Within the lines below, the span from the line with "Black Labrador sits" to the line with "Madagascar Forest Rail Illustration", both ends included, is to be reproduced exactly, with pictures omitted.

====== Working data ======

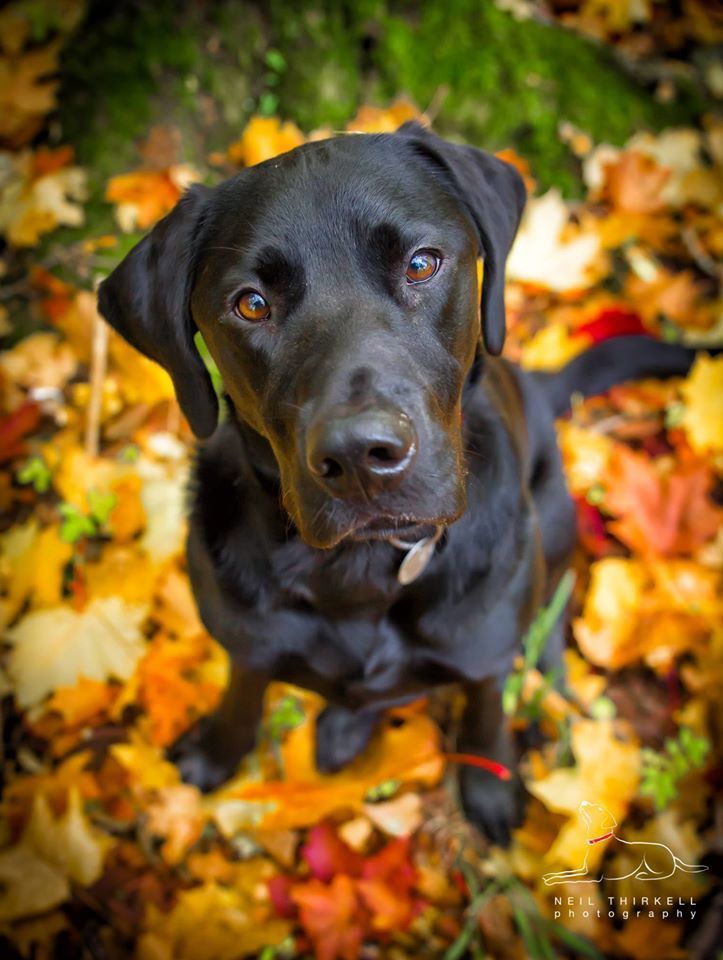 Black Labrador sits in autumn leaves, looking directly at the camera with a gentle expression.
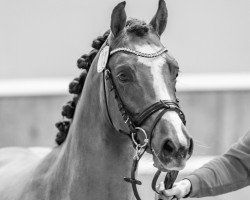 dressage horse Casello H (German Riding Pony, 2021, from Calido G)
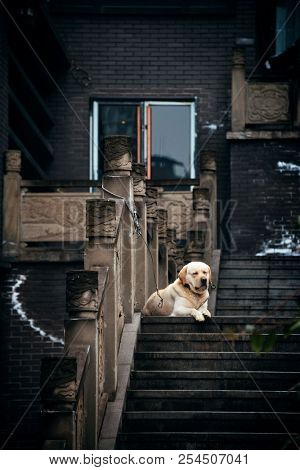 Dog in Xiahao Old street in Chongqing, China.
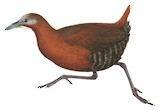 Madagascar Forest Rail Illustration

======
====== Working data ======

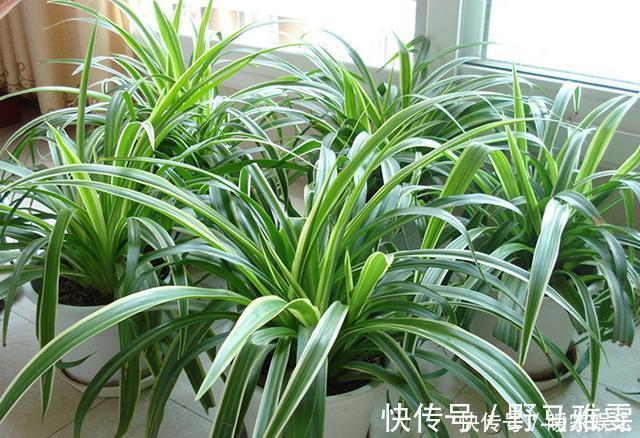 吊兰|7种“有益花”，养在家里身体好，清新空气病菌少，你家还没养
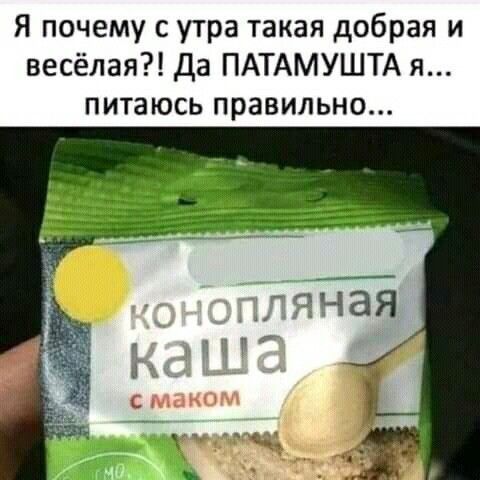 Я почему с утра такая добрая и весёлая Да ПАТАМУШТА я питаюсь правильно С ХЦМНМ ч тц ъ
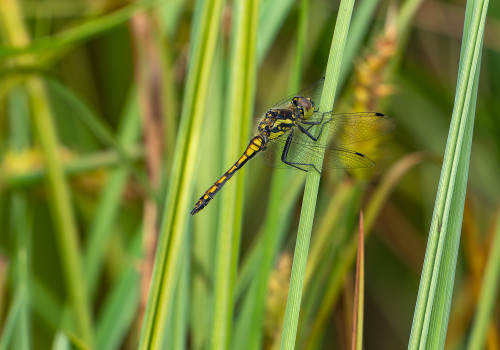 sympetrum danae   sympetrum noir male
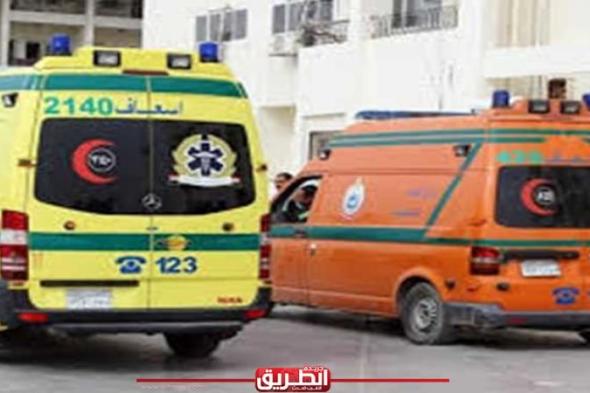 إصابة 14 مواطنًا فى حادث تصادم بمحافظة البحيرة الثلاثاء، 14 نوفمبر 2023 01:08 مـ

======

Response area:
 Black Labrador sits in autumn leaves, looking directly at the camera with a gentle expression.
 dressage horse Casello H (German Riding Pony, 2021, from Calido G)
 Dog in Xiahao Old street in Chongqing, China.
 Madagascar Forest Rail Illustration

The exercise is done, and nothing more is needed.